### Directions:
The expected output is a verbatim reprint of the lines from the beginning of the data that follows through the line that contains "Original Motorbike Paintings".

(Beginning of Provided data)

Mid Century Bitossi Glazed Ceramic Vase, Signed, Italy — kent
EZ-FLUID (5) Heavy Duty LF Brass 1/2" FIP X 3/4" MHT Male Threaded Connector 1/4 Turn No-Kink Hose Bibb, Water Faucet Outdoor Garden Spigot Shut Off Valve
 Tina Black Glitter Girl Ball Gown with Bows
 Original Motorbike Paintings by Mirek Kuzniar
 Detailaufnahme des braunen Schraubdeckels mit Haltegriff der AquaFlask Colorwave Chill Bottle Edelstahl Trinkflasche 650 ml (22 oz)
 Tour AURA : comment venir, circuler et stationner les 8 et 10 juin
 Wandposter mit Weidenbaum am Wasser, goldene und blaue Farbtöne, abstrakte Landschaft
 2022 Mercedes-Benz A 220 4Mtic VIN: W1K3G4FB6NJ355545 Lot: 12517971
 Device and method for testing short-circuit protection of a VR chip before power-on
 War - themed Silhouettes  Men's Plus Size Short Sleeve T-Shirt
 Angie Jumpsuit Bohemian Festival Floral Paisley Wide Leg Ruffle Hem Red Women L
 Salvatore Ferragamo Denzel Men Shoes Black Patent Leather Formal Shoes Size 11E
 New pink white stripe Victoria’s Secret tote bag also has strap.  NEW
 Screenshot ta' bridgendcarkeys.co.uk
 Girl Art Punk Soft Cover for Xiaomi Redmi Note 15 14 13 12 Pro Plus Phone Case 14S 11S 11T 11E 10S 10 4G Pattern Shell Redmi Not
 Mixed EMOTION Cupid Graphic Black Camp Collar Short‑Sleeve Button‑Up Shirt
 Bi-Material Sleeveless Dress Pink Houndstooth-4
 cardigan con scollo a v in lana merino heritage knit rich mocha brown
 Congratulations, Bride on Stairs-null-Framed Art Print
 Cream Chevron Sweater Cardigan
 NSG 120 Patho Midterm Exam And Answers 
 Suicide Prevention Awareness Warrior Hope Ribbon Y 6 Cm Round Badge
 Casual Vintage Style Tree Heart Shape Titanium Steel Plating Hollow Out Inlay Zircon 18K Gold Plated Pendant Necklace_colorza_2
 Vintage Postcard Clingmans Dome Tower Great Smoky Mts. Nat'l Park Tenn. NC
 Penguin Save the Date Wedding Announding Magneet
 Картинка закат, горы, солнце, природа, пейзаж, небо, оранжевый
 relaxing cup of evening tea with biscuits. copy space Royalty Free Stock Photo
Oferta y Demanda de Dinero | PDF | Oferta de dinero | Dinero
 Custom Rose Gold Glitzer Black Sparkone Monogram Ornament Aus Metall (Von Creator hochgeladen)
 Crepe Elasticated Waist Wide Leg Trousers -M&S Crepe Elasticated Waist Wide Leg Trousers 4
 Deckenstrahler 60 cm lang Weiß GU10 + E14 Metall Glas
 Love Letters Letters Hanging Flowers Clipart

(End of Provided data)

### Result of this task:
Mid Century Bitossi Glazed Ceramic Vase, Signed, Italy — kent
EZ-FLUID (5) Heavy Duty LF Brass 1/2" FIP X 3/4" MHT Male Threaded Connector 1/4 Turn No-Kink Hose Bibb, Water Faucet Outdoor Garden Spigot Shut Off Valve
 Tina Black Glitter Girl Ball Gown with Bows
 Original Motorbike Paintings by Mirek Kuzniar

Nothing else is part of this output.